Determine the mean squared errors of the estimators $cX_{(n)}$ for $\theta$, for every value of $c>0$
Now I have found that $var_{\theta} (cX_{(n)}) = \frac{cn\theta}{2}$ and $E_{\theta} (cX_{(n)}=\frac{cn{\theta}^2}{2}$
But $ MSE= var_{\theta} (cX_{(n)})+ (E_{\theta} (cX_{(n)}) - g(\theta) )^2 $ and I do not know what $g(\theta)$ is. Can anybody help me understand how to calculate it?
The formula for mean squared error is $$\operatorname{MSE}[w(\theta)] = \operatorname{Var}[w(\theta)] + \operatorname{Bias}[w(\theta)]^2,$$ where $w(\theta)$ is an estimator of $\theta$. In this case, $w(\theta) = cX_{(n)}$, some constant $c$ multiplied by the maximum order statistic of the sample.
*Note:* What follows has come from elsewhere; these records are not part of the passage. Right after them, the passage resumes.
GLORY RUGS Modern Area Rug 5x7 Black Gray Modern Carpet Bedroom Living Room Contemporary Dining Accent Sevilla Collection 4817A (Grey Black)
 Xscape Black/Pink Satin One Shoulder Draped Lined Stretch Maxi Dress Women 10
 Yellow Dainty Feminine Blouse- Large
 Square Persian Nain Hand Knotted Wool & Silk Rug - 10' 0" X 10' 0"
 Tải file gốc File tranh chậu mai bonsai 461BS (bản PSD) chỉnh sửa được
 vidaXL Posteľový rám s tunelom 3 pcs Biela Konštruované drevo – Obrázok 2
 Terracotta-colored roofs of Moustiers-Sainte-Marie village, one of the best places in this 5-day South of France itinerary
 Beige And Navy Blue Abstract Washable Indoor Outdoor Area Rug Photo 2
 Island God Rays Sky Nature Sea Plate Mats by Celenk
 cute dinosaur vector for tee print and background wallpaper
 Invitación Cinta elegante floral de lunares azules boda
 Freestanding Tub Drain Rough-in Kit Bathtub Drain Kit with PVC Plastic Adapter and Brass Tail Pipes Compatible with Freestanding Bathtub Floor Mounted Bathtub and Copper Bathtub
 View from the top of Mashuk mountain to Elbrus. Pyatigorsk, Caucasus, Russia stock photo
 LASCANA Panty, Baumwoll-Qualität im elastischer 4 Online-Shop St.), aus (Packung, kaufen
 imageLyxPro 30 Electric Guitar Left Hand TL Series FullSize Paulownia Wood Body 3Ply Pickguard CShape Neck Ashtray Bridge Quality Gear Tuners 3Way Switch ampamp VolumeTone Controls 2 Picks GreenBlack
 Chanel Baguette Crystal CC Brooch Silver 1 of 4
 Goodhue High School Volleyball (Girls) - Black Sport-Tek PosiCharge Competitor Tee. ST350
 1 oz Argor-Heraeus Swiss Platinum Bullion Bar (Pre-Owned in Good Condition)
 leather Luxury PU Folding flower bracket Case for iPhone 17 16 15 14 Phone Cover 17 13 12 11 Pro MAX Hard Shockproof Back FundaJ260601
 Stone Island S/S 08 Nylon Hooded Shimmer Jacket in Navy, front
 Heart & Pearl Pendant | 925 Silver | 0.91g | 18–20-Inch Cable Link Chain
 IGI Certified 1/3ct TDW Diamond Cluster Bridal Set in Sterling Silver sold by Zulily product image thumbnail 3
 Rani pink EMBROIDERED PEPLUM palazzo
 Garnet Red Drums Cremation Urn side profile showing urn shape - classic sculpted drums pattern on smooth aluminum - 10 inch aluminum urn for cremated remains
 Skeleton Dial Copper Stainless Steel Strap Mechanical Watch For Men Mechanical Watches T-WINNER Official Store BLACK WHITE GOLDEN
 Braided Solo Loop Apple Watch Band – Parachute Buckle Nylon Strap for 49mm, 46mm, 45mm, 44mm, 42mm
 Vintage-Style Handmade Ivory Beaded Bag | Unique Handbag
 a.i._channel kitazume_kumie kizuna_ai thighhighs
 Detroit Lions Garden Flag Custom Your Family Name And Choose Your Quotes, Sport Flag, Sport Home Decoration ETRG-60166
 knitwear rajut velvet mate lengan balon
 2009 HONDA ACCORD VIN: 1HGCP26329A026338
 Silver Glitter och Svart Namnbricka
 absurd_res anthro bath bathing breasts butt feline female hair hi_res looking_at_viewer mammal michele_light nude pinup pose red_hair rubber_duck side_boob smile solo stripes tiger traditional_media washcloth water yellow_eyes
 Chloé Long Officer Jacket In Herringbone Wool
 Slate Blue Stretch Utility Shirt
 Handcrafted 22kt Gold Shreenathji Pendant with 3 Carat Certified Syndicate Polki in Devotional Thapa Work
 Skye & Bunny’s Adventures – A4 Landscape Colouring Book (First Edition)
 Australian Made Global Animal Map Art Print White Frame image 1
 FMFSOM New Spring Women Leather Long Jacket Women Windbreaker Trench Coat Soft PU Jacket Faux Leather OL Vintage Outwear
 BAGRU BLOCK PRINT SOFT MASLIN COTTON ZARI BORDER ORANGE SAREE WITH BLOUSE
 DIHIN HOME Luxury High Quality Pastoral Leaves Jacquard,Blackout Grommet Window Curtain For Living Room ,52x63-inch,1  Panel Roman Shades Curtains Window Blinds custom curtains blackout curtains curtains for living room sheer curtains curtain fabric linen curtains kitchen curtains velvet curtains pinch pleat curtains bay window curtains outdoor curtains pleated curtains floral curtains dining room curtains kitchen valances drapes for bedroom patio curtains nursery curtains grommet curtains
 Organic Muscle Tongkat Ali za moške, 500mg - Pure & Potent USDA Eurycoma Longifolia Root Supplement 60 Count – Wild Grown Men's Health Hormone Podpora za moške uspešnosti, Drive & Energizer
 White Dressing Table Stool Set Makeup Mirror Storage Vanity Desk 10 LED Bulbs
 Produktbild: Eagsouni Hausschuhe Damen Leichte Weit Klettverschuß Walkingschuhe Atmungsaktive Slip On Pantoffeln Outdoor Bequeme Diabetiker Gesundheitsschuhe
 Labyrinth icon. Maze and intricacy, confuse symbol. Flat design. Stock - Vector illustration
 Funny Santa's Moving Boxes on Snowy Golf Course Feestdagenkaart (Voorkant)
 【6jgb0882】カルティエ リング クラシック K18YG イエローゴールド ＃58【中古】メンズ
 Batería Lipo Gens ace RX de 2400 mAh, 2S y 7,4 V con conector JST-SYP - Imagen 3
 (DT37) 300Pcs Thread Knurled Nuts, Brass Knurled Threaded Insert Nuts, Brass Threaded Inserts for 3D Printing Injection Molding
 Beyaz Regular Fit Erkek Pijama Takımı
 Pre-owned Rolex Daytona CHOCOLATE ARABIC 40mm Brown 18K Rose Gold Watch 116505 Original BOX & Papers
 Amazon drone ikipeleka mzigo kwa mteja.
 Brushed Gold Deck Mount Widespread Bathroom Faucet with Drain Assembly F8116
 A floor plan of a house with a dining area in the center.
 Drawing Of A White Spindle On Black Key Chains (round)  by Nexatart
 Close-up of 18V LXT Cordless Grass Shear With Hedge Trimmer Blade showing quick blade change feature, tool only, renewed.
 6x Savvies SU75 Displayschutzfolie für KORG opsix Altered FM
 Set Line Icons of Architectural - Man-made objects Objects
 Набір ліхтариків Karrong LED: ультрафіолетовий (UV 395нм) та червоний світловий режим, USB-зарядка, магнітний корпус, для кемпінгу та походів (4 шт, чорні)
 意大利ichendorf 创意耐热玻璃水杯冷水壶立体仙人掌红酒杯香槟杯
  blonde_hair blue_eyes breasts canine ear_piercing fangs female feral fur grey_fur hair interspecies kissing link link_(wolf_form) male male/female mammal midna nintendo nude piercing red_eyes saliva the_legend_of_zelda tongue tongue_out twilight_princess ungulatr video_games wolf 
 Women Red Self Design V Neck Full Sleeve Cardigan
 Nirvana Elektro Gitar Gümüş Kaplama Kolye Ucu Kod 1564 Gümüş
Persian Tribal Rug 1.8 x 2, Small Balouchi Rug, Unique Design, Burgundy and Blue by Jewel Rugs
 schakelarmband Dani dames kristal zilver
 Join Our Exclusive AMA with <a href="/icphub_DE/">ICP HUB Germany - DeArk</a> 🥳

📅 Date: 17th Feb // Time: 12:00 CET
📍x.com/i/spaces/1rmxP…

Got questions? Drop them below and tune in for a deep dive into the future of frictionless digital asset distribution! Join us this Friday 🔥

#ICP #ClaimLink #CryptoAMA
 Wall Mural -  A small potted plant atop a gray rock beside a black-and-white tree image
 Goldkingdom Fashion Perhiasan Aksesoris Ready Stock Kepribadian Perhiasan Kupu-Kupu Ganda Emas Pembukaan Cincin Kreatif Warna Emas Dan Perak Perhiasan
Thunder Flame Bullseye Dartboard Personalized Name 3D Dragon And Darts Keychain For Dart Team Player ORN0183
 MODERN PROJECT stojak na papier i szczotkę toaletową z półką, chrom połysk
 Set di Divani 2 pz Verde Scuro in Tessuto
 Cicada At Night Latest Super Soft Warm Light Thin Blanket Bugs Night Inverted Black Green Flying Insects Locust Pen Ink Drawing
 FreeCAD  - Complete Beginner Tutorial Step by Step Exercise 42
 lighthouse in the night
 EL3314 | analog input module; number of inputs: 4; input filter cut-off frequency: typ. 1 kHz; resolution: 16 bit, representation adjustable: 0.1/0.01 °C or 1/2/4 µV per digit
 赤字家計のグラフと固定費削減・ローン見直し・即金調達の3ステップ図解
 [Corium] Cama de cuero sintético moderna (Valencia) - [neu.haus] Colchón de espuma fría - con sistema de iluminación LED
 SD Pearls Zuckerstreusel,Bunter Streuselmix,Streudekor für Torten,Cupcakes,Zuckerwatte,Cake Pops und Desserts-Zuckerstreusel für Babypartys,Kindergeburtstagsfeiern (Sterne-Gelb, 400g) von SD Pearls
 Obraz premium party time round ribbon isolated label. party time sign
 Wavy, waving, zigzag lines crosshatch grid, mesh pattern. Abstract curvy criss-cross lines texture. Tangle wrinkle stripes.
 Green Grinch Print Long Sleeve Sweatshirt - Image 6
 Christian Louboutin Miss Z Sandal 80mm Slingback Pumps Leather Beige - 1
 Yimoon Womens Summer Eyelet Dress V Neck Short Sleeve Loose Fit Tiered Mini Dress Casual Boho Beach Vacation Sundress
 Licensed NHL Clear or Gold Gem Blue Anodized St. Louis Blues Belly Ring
Since what we are estimating is $\theta$ itself, and not some function of $\theta$, your $g(\theta)$ is simply $\theta$. The idea is to calculate the bias of this estimator as a function of $c$: $$\operatorname{Bias}[cX_{(n)}] = \operatorname{E}[cX_{(n)} - \theta] = c \operatorname{E}[X_{(n)}] - \theta.$$ Then square it, and add to it the variance of the estimator. This gives you the mean squared error for this estimator.
In the general case, sometimes we do not want to estimate $\theta$, but instead we might be interested in a function of the parameter; e.g., $\theta^2$, or $1/\theta$. This is the function $g$ used in your formula. So the bias of some estimator $w(\theta)$ of $g(\theta)$ is then $$\operatorname{E}[w(\theta) - g(\theta)].$$